Sunday, August 8, 2010

Idea Garage Sale: Western Gothic

So Damon got a copy of The Castle of Wolfenbach for his birthday - guaranteed horrid by Isabella Thorpe, and she wasn't kidding around: apparently central Europe in the early 19th century was sufficiently lawless that the natural response of an honest person finding one woman with her throat slit and another missing was to conceal the corpse in a trunk and not alert any authorities. And reading it reminded me of a story I blocked out during some idle time at a temp job in the mid-90s.

At that time, I had been reading J. Sheridan LeFanu's Uncle Silas, which somebody or other described as the most frightening book in English literature or something like that. But I remember feeling that the heroine had access to resources she wasn't exploiting due to artificial limits in her world view. Most of Uncle Silas's power over her was due to isolation; most of her isolation was due, not to the absence of people, but to a mutual assumption that the people around her weren't really there. She also was helpless in ways that seemed to me unnecessary.

This is often my reaction when confronted with a vulnerable 19th century British heroine. We are so used to modern Gothics, in which our own sensibilities are reflected back in time via spunky heroines, that when we read the authentic originals the feminine upper middle-class ideal of the British 19th century - trapped in a straitjacket of social convention and without many essential life skills, like cooking and cleaning - we are apt to want to slap them more than to commiserate with their helplessness.

American heroines of the same vintage do not suffer from the same contrast. Though contemporary authors often complain of the deficiency in household education of the young American woman, their outlook on life is much more aggressive, and their social milieu is such that, when an author wants to isolate one, she can be removed right away from all human contact and thrown on her own resources in fact, rather than merely being taken to a "lonely" manor where the only faces she sees are those of servants and "rustics," on whom she depends for her daily necessities without ever attempting to befriend. (The heroine of Castle of Wolfenbach is at least grateful to a faithful servant, but she can't sleep in a cottager's bed and it never occurs to her that she should learn to cook.)

So I plotted out an extended Gothic parody in which an Uncle Silas-like figure lures the orphan daughter of an estranged son and heir back to England. The time is post Civil War, so she's feeling a financial obligation to get what she can out of her father's legacy for her mother and little brothers and sisters; and she stymies her villainous uncle at every turn by taking an interest in the wrong things. A debut in society is stressful and sinful (all that dancing and card-playing!), but she takes a lively interest in the sheep, horse breeding, and farming operations. The local tenants and managers, though disconcerted by her at first, are hardly likely to be indifferent to a potential heir who wants to learn from them rather then just extract money from them; though any of them who are mismanaging or corrupt will soon be put in an awkward position with her evil uncle. She has an understanding with a young man back home, so the romantic candidate her uncle puts forward doesn't stand a chance. When sinister servants try to intimidate her, she threatens to have them fired and does for herself. And the familiarity with basic mechanics and firearms she developed in the course of helping her mother run the ranch during the War is of signal assistance to her in circumventing the nefarious death and rape traps her uncle puts her into when he realizes he can't control her by the social means he intended. In the end she'll work out that he was lying to her about what the will says and find that the terms give her power over him (otherwise he'd hardly be so hot to manipulate and put her out of the way), and use it.

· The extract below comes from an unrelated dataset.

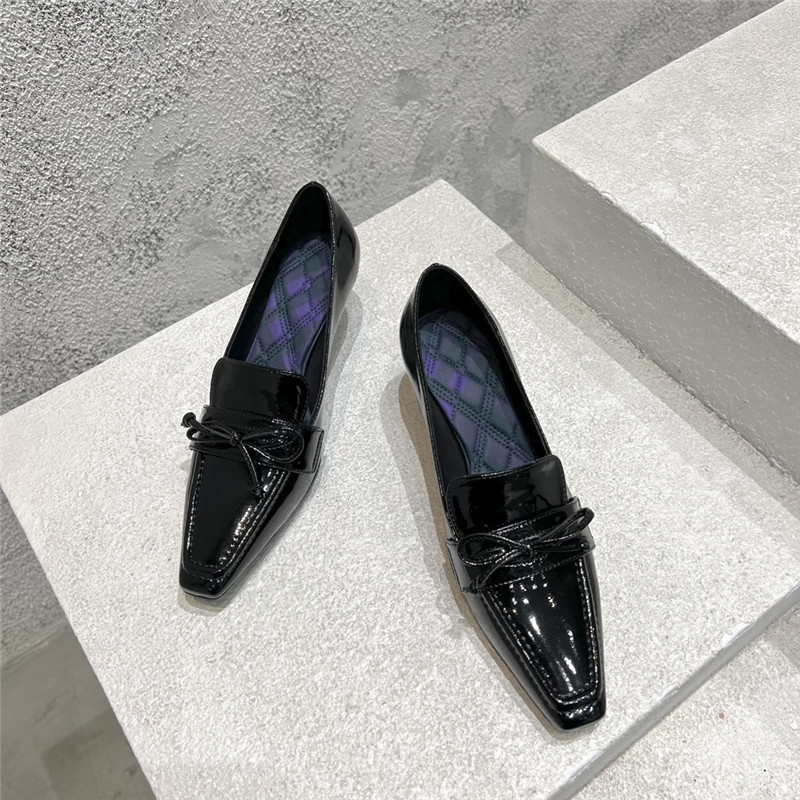 Bv*b*rry new fur heel half slippers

The heroine's name was Beulah, because it was the least romantic one I could think of.

The trouble with this story, of course, is that done properly it would be a lot of work, very long, and appeal to a narrow audience; a kind of extended fanfic for a genre rather than a specific work. Time and energy are finite.

The closest I ever came to writing this was The Light in the Tower at Mulder Manor, which I need to dig out and make available in its entirety for the delectation of the sort of people who like this sort of thing - a fanfic I did years ago for the AOL x-phile boards, the first paragraph of each chapter of the X-files triple-decker Gothic novel, which I justified to myself as an exercise in being funny on purpose and writing to an audience, but also allowed me to write lines like "He said her name as if sucking an orange" and glorious run-on polysyllabic sentences like "Certainly not from her previous employer, who was still wroth as a result of her thrusting his grown son into the fishpond -- despite the fact that she had at once extricated him from that predicament; and, indeed, it was the young man's own cephalopodian tendencies which had suggested the fishpond to Dana as the proper habitation of his person."

Now, of course, we have Pride and Prejudice and Zombies, and steampunk, and I have once again dallied behind the curve where I might have leapt ahead of it. Oh, well.